Liverpool aime laisser la végétation pousser ses bâtiments publics, ses anciennes demeures transformées en aires de jeux. Le promeneur ne peut décider si c’est là le signe d’une volonté ou d’une négligence.

La ville a en tout cas décidé d’intervenir sur les quartiers et les maisons en grande déréliction. En tant que « Capitale européenne cde la culture », elle se devait d’agir, elle ne pouvait pas compter uniquement sur la bonne volonté des promeneurs pour imaginer de secrètes relations entre les taudis d’aujourd’hui et les ruines d’autrefois.

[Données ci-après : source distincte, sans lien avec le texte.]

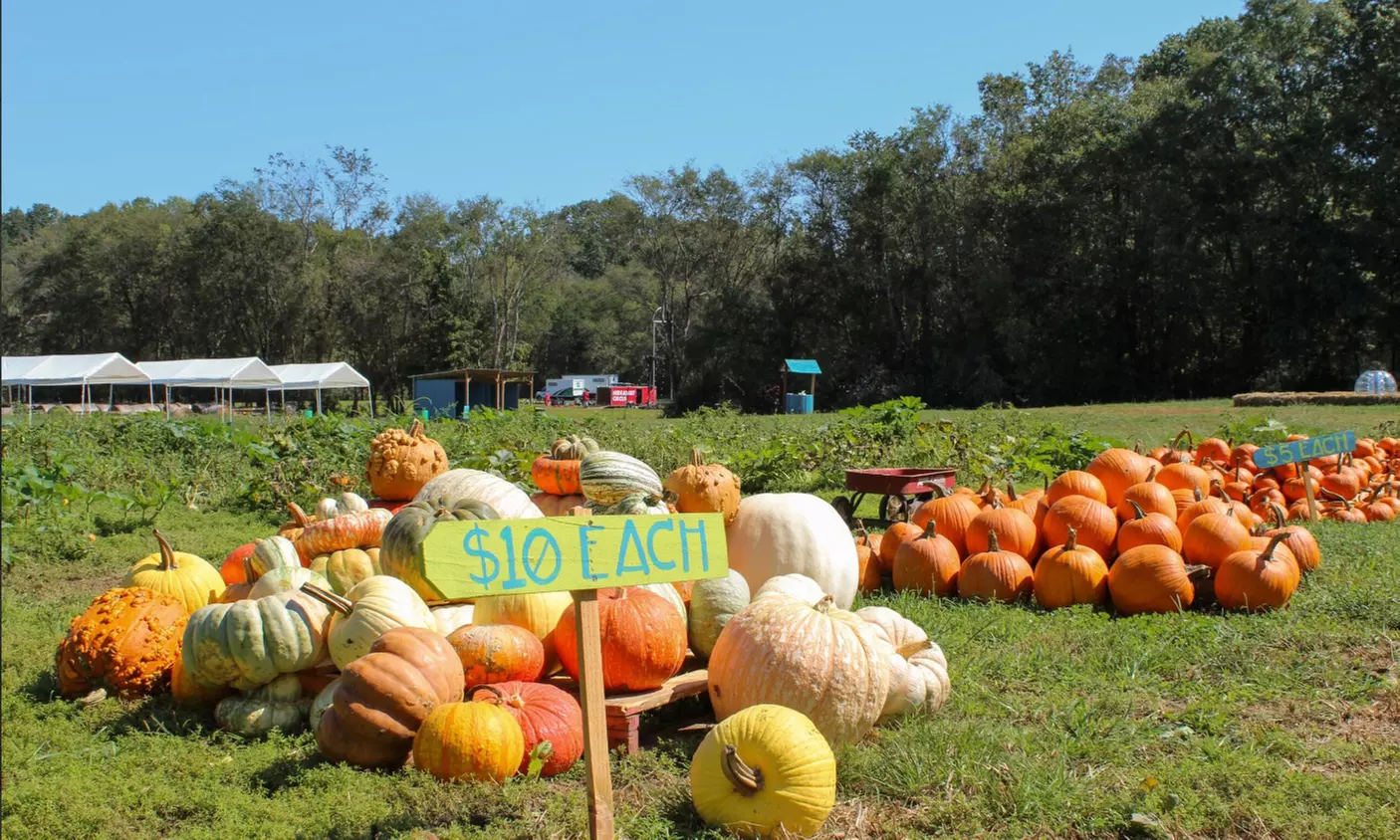 Farm Fun Awaits! Get Friday or Weekend Passes for 2, 3, or 4 People at Hidden Rivers Farm (Up To 22% Off) - Primary Image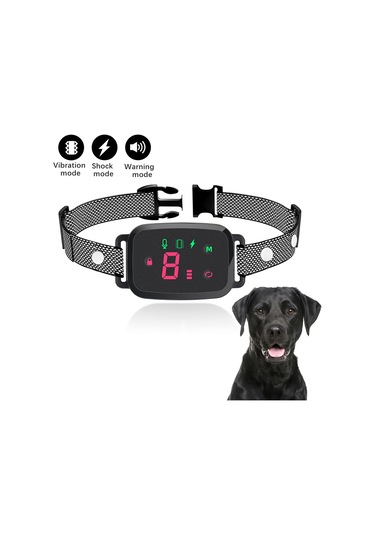 Suntek İç Mekan Oturma Odasında Çalıştırmak Için Köpek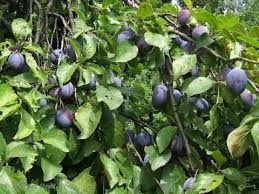 Attēlu rezultāti vaicājumam “Prunus domestica subsp. insitita fruit”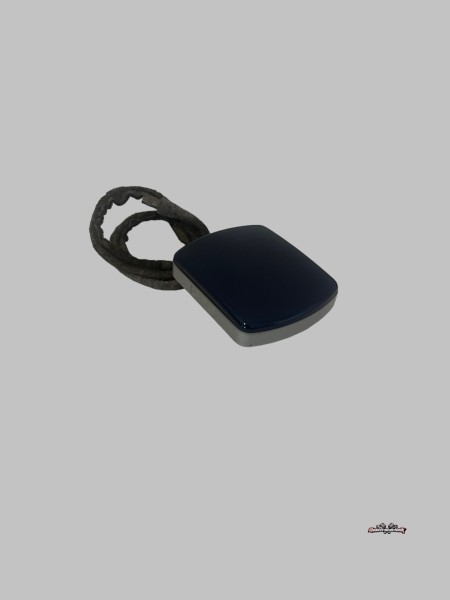 GPS Antenne Navigation Audi A8 S8 4D Naviantenne 4D0919889 Santorinblau LZ5K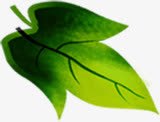 创意合成质感树叶效果png免抠素材_新图网 https://ixintu.com 创意 合成 效果 树叶 质感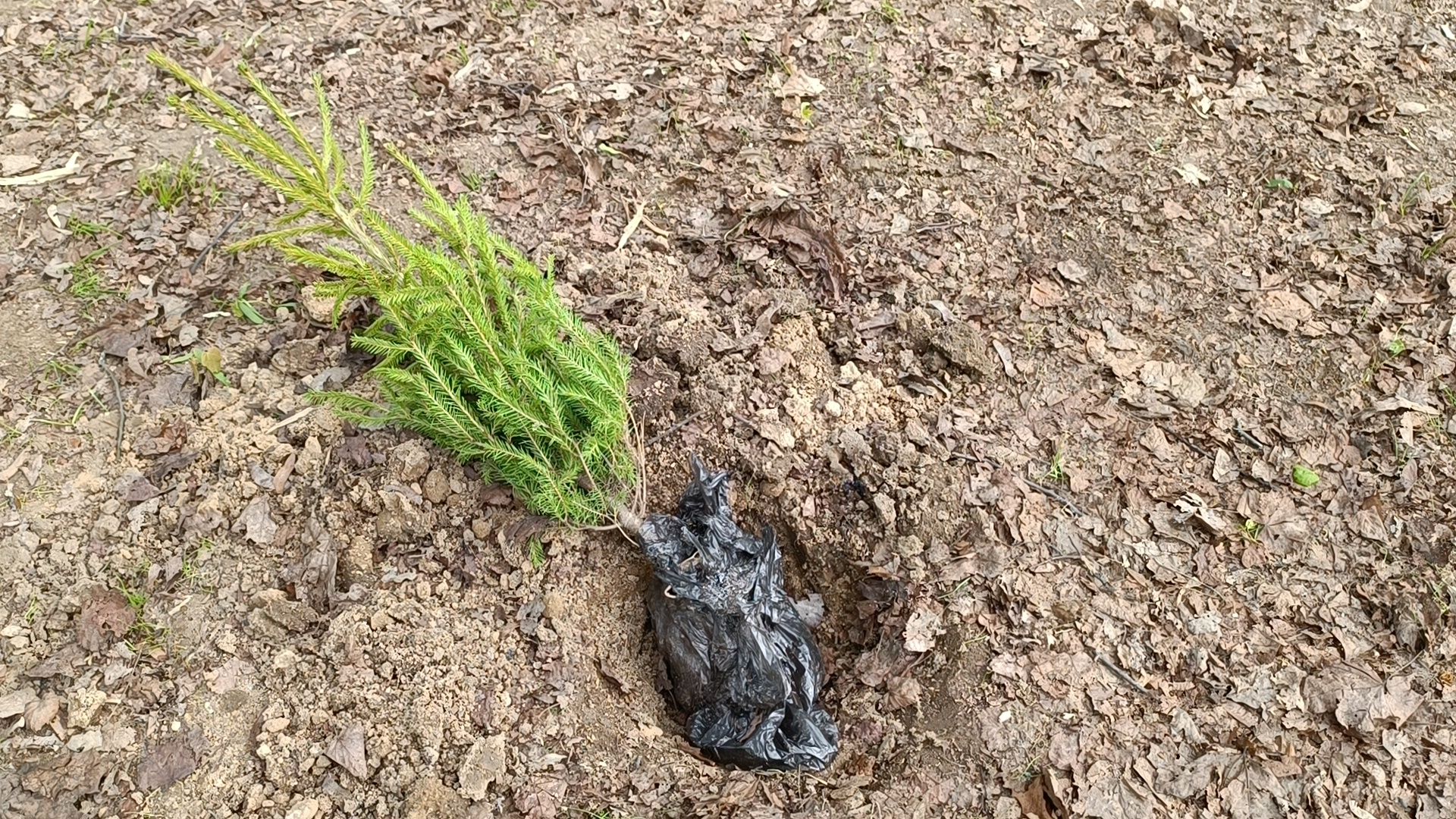 экология, деревья, лобня,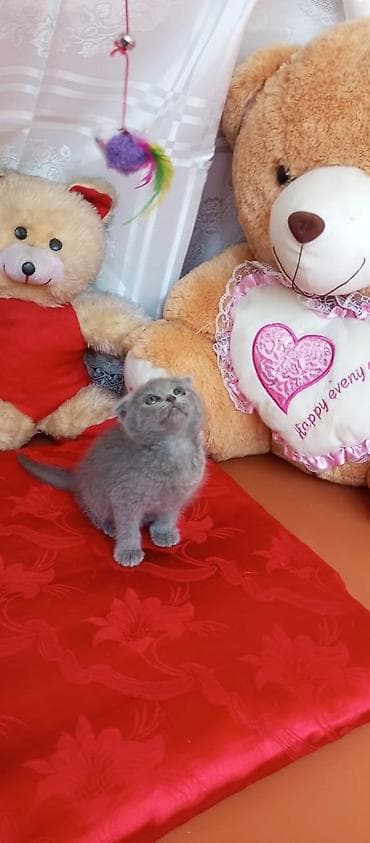 lalafo pisik: Şotland — 3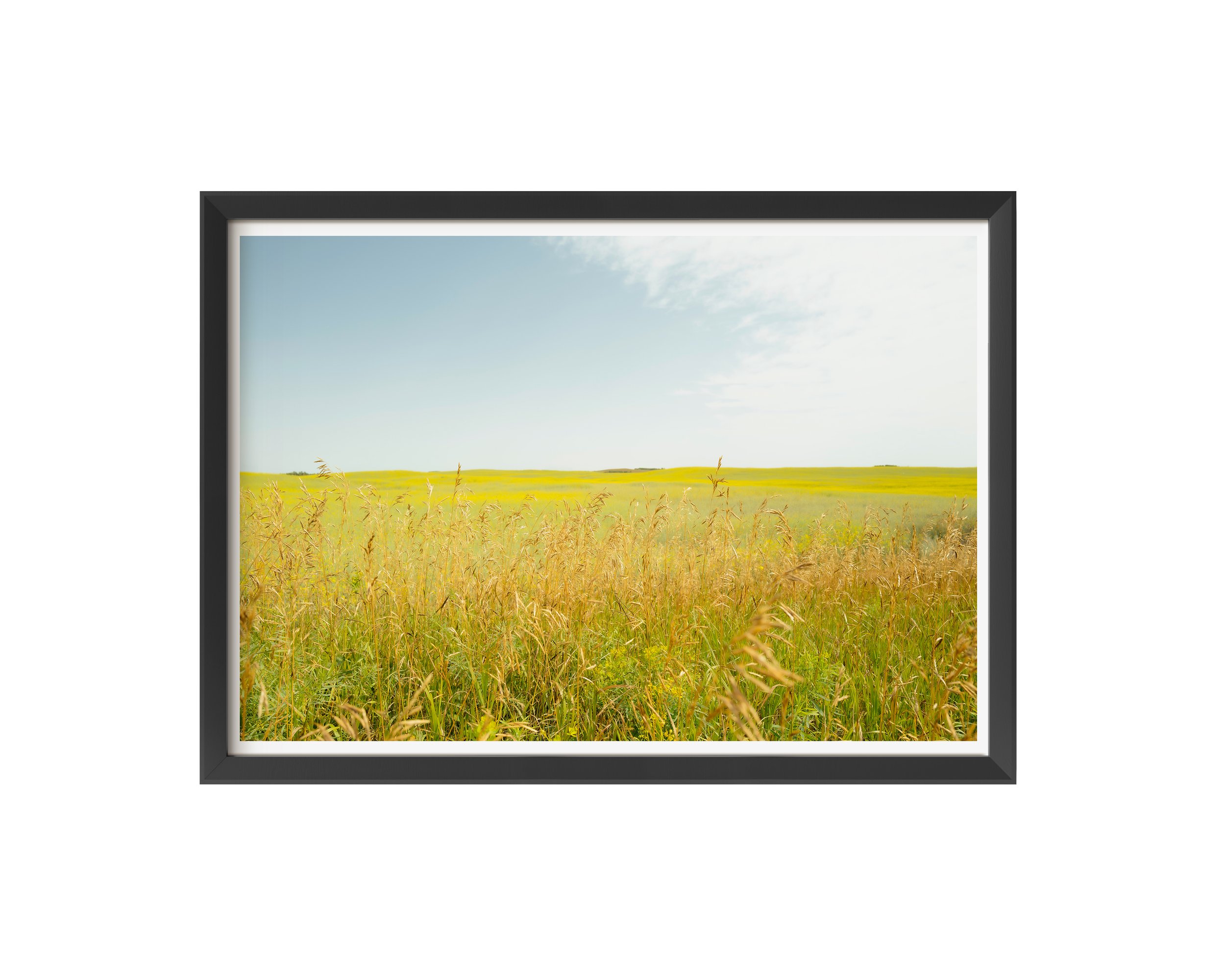 Wild Honey - black frame.jpg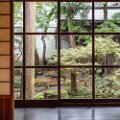days_in_japan-07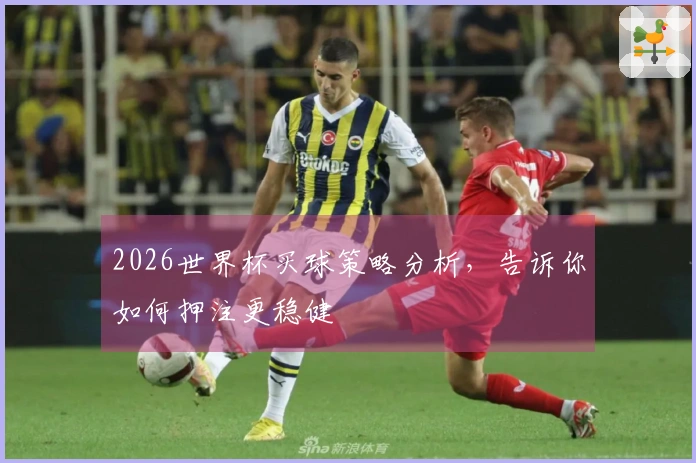 2026世界杯买球策略分析，告诉你如何押注更稳健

Ne pouvant cacher tous les bâtiments décatis, la municipalité a opté pour une solution précaire mais dotée d’un vernis culturel. Des artistes, ou des architectes, ou des écrivains, ou des agents de communication, sont intervenus pour jouer avec les lieux, les revêtir partiellement de signes, d’images, d’affiches qui fassent sens. A la place des fenêtres, des images cartonnées avec la tête des Beatles. Des messages qui rappellent que Liverpool est la capitale de la culture. Des panneaux avec des mots simples : « Futurist », « Perfection », « Sophisticated » accrochés sur des façades fragiles.

Lorsque Liverpool ne sera plus capitale de la culture, il faudra bien faire quelque chose, malgré tout, de toutes ces ruines. J’aurai alors des suggestions à faire, mais m’écoutera-t-on ?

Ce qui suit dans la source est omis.